* _WHAT YOU HAVE TO DO_
Your job is to set down the stretch of entries that opens with the line containing "리트리버클럽(RETRIEVER CLUB) LAYERED" and closes with the line containing "Cadence MA64 Mix". Keep both end lines, copy each exactly, and add nothing.

* _RECORD EXCERPTS_
···

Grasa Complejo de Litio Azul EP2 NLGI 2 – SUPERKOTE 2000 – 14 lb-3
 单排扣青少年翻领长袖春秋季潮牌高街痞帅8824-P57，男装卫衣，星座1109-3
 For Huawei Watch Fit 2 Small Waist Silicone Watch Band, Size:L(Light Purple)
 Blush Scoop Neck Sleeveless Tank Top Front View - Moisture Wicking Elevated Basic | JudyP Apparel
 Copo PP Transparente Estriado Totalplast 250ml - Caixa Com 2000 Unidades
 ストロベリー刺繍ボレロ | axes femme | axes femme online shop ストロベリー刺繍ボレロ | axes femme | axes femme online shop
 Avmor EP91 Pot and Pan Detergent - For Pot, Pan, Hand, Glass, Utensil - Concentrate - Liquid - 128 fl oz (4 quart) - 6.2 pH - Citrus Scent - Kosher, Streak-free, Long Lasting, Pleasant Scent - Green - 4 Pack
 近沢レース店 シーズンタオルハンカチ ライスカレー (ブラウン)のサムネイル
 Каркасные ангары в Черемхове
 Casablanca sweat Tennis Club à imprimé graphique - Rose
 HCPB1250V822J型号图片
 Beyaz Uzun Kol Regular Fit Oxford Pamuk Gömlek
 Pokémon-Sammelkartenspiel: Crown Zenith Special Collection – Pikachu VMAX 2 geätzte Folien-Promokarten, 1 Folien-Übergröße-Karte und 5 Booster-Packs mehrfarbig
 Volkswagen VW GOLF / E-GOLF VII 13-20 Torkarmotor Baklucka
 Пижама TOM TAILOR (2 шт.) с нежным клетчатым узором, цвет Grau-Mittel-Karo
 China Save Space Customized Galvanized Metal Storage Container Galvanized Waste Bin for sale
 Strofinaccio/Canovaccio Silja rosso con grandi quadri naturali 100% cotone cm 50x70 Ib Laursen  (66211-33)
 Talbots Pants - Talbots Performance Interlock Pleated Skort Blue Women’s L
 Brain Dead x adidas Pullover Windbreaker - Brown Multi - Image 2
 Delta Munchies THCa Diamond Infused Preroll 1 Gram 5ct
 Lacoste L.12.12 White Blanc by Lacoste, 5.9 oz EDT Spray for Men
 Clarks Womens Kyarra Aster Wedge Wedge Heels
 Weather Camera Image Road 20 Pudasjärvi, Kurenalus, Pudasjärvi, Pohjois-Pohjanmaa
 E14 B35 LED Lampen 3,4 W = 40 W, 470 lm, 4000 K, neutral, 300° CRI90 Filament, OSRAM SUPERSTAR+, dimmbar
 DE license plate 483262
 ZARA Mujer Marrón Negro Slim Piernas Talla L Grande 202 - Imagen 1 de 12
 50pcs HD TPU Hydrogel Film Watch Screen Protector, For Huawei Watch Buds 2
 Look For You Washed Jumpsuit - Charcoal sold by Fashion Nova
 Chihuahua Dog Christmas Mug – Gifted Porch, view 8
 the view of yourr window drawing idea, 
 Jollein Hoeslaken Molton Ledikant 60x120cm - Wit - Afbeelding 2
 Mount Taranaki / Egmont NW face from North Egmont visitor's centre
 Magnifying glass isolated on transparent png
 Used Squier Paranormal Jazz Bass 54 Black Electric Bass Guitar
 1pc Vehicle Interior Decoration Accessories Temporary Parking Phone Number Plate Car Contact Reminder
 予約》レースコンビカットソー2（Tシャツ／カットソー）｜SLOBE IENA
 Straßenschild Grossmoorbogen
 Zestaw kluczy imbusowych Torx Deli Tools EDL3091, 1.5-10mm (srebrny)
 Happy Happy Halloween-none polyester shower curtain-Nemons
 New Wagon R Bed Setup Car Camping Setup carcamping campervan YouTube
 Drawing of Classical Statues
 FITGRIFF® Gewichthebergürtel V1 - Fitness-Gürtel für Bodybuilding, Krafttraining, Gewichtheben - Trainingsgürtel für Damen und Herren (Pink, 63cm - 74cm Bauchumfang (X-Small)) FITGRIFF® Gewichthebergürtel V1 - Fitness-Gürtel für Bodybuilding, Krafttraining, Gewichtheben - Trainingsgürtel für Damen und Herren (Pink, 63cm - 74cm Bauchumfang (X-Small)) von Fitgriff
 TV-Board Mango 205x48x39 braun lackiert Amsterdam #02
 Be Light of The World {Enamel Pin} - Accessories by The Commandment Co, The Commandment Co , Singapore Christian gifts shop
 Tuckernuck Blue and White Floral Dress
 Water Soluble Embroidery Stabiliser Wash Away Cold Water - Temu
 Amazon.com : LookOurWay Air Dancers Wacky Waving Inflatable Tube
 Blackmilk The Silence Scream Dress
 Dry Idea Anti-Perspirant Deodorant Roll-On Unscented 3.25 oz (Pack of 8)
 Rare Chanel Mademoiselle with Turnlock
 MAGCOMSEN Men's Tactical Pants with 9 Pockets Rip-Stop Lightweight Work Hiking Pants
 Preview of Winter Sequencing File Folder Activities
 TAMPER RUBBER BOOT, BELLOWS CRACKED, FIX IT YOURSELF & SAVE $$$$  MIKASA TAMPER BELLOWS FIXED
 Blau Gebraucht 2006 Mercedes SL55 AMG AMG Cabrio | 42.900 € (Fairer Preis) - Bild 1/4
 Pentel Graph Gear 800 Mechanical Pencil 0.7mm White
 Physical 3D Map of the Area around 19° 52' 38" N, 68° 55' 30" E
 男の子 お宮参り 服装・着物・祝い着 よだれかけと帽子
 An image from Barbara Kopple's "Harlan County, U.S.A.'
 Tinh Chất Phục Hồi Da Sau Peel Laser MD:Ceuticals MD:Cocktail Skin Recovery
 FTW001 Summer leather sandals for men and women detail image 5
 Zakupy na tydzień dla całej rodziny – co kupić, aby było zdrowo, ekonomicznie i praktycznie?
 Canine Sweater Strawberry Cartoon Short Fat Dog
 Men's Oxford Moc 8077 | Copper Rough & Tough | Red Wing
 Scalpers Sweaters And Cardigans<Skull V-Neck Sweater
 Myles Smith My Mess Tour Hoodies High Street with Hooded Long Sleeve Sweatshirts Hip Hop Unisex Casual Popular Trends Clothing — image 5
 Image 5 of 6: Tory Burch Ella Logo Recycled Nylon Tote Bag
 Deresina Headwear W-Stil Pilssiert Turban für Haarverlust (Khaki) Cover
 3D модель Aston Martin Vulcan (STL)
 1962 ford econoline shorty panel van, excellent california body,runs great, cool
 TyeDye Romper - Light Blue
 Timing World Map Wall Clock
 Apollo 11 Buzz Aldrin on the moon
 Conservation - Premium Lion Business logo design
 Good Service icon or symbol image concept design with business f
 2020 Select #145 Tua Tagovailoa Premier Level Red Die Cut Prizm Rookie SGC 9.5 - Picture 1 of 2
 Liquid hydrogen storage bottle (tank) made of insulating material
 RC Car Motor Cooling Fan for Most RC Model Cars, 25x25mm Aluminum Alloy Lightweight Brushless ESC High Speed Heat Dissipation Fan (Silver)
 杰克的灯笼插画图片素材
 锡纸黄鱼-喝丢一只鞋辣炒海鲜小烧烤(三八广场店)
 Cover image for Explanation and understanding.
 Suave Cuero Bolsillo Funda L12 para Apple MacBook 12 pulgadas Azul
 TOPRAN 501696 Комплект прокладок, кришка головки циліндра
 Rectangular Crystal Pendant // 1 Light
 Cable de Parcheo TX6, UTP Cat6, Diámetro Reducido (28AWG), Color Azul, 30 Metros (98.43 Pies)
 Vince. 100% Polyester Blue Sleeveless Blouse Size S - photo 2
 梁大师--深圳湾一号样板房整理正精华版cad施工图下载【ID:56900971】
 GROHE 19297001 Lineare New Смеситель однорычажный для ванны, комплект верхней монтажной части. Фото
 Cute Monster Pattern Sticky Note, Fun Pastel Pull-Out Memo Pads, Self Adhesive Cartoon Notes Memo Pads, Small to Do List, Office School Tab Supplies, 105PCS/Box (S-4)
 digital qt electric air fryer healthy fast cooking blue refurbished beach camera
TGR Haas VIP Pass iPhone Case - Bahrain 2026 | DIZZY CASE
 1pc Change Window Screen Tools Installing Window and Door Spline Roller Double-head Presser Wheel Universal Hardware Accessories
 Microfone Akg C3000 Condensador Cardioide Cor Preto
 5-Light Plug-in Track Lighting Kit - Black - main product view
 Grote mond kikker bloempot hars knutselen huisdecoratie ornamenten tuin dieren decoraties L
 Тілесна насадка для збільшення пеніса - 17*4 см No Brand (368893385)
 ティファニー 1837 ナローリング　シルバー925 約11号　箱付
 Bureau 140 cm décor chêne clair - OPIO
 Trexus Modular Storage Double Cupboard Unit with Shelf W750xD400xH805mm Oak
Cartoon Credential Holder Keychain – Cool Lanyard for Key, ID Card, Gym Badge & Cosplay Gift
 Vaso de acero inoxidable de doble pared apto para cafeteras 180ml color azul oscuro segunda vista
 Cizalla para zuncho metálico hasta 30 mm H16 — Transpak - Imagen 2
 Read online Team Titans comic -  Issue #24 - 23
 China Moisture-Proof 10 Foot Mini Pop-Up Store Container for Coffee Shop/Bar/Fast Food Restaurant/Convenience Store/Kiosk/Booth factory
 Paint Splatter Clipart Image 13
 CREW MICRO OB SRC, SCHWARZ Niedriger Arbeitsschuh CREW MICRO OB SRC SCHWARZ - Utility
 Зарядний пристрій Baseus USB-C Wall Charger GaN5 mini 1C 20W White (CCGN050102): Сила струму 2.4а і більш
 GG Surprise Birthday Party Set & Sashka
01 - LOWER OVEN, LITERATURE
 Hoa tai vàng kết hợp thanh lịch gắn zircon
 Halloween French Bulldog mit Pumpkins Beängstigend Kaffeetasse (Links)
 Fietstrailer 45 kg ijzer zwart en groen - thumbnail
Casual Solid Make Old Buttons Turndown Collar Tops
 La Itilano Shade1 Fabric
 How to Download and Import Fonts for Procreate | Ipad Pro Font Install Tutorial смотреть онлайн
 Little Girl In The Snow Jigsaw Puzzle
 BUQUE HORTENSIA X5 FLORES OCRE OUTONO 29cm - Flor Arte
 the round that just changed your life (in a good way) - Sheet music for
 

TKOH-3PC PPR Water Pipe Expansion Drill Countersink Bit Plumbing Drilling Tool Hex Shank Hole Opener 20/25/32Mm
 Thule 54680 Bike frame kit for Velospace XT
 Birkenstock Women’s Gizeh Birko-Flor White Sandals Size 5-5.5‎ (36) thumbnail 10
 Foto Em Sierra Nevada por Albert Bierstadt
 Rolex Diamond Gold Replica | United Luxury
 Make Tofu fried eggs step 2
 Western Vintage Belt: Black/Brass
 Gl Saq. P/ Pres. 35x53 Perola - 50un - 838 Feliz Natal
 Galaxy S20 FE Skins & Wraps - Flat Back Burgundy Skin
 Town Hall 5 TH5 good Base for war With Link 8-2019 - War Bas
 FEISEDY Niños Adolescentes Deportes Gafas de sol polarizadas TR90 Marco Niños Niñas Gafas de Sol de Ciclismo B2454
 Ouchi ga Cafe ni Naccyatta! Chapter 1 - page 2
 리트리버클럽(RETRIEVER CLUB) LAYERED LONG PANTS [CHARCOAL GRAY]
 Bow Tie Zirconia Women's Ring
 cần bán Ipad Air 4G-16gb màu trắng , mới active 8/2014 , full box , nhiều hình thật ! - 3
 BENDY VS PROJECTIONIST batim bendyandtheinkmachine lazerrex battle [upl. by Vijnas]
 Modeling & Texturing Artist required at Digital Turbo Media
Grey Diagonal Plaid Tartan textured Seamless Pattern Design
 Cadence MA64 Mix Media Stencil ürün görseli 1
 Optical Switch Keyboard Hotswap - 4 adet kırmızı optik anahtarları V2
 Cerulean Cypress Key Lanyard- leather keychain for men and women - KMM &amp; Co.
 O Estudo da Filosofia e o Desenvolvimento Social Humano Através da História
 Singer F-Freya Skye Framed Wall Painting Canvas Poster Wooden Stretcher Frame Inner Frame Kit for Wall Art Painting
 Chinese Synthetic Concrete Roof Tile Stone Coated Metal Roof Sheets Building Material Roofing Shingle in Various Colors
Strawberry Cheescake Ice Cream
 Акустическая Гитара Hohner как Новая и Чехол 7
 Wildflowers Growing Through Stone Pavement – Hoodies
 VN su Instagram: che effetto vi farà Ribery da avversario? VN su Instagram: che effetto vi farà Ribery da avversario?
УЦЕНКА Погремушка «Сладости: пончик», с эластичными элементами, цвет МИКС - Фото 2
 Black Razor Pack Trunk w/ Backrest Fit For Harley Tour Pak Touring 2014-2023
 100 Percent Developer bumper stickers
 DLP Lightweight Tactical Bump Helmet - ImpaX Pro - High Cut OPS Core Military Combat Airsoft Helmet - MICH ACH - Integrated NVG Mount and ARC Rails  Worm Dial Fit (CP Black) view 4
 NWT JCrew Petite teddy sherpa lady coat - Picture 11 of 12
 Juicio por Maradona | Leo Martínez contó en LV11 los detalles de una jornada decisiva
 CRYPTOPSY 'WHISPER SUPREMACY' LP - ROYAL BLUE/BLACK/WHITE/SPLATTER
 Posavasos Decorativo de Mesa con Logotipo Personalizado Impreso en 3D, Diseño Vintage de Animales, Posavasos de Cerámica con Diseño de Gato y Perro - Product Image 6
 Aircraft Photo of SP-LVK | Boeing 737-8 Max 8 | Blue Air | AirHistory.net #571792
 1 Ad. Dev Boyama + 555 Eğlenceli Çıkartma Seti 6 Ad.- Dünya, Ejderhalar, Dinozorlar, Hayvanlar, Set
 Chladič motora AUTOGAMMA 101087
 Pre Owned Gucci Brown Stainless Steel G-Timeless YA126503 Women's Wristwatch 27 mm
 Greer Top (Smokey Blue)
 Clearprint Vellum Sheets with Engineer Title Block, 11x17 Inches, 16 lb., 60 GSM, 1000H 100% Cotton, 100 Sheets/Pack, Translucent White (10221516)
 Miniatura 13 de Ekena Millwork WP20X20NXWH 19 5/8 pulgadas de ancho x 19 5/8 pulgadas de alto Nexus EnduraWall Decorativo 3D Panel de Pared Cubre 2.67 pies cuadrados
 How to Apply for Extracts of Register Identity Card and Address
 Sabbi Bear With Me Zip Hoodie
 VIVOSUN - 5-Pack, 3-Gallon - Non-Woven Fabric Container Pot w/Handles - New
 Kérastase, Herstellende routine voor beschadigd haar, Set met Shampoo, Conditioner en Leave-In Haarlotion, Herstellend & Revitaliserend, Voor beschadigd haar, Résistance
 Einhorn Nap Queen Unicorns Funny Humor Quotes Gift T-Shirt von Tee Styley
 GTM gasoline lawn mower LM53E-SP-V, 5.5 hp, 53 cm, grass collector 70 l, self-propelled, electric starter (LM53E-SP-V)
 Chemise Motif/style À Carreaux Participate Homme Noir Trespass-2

···

* _OUTPUT OF THE EXERCISE_
 리트리버클럽(RETRIEVER CLUB) LAYERED LONG PANTS [CHARCOAL GRAY]
 Bow Tie Zirconia Women's Ring
 cần bán Ipad Air 4G-16gb màu trắng , mới active 8/2014 , full box , nhiều hình thật ! - 3
 BENDY VS PROJECTIONIST batim bendyandtheinkmachine lazerrex battle [upl. by Vijnas]
 Modeling & Texturing Artist required at Digital Turbo Media
Grey Diagonal Plaid Tartan textured Seamless Pattern Design
 Cadence MA64 Mix Media Stencil ürün görseli 1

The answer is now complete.